Yes a gearbox should last a lot longer than 15000 miles and in most cases they will ten times that sort of mileage.
As for the clutch these all depend on how people drive and what sort of driving you do. If you do mostly motorway miles then you rarely use the clutch so it will last a lot longer. If you do a lot of driving in and around town then the clutch will wear out a lot quicker. Even having said that I would still expect more than 15000 miles from a clutch.
To see if this is bad have a look back at your previous driving history and if you have had manual gearboxes before ask yourself how long did the clutches last in those cars?
I hope this helps and if I can help further please feel free to ask
Hi Dave Thank you for your answer. I'm a driving instructor, have been for four years now. I owned a Mercedes A-Class before and had no issues regarding clutches or gearboxes and that vehicle was 8 years old with 80,000 miles on the clock. This issue came up the other day and Audi are apparently disputing the warranty cover. I can understand clutches going early for learners, but to have a gearbox "break" seems crazy. These aren't boy racers behind the wheel but middle aged women. How is it possible to crack in half the pressure plate? Have you ever heard of a pressure plate cracking in half on an 8 month old car with low milage being driven very gently?
Would the Flywheel need replacing because of some discolouring? I was under the impression that these things were very difficult to damage as it's solid, not dual mass.
Thanks for your help once again.
Hi if it's a solid flywheel then it should be fine with a quick clean up. If it was the dual mass then I might of said differently.
I have seen clutches break up but it's a very very rare thing to see and it's normally done with the likes of boy racers giving the clutch a very hard time. To have it on a new car with low miles really is hard to believe.
To crack the pressure plate it normally indicates that it is getting too hot and becomes brittle.
I hope this helps and if I can help further please feel free to ask.

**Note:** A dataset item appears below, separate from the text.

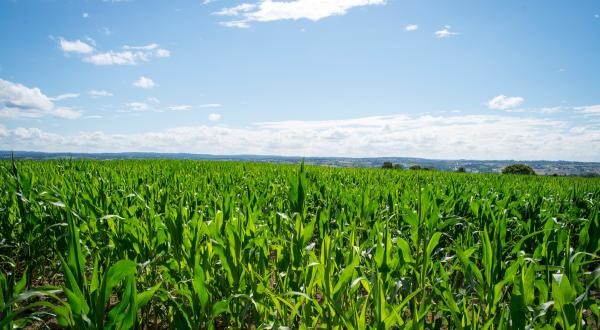 Maize Field in France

Hi I will have to do some research myself it to this as the odds of two being like it are very odd. The chances are there are more out there in other countries doing the same.

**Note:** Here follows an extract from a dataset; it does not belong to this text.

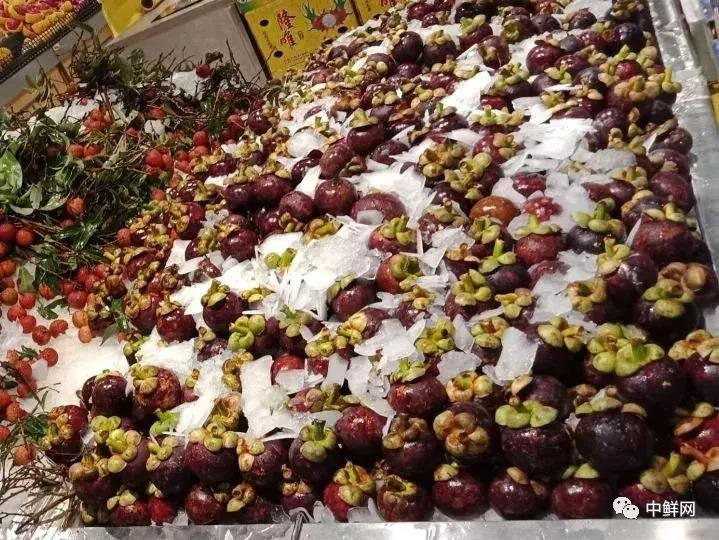 山竹教程完整视频,山竹运输怎么保新鲜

My issue is that if they say there was play in the flywheel then this makes it a dual mass flywheel and not a solid. Also if it was that bad it needed replacing then it may well be a flywheel issue that has caused the clutch to fail as I've seen dual mass flywheel destroy clutches quite easily in the past.
Hi the two flywheels look totally different and the give away was the fact it had movement in the flywheel. Obviously a solid flywheel is made from one piece of metal so if the outside bit moves then it has to be seriously broken and you wouldn't of been able to drive the car.
But since it's a dual mass flywheel I reckon there could well be the problem to start with. If a Dual mass starts to play up it will destroy you clutch in next to no time. Without being able to see it for myself it's really hard to say but this sounds like a flywheel issue causing clutch failure which is very common.
Personally if the team you are dealing with can't tell the difference between a solid and dual mass flywheel then I would seriously lose faith and trust in them.
Hi although the dual mass flywheel does have it's problems there are lots out there that are all working well.
I look after a Skoda that has a dual mass and is used a a driving tuition car and this is his second one and neither have ever caused him problems.
As for telling which item failed first this is very hard to do and prove. Normally a clutch that has had amount on use such as in your profession the clutch would wear out quicker. For it to actually break requires serious abuse or component failure.
If you have no luck with the garage I would recommend a phone call to Audi customer services to see what they have to say. They have a bit more power to cover the cost or part of the costs to repair the car.
Hi as far as my personal thinking would be that the flywheel will be working the most when taking up driving and moving off. I would think this because this is when the most pressure is put on it. Also when you accelerate and decelerate as again this is putting the most strain on the clutch which will then be transfered in to the flywheel. If the revs are being held constant then the flywheel will stay in one place rather than move around.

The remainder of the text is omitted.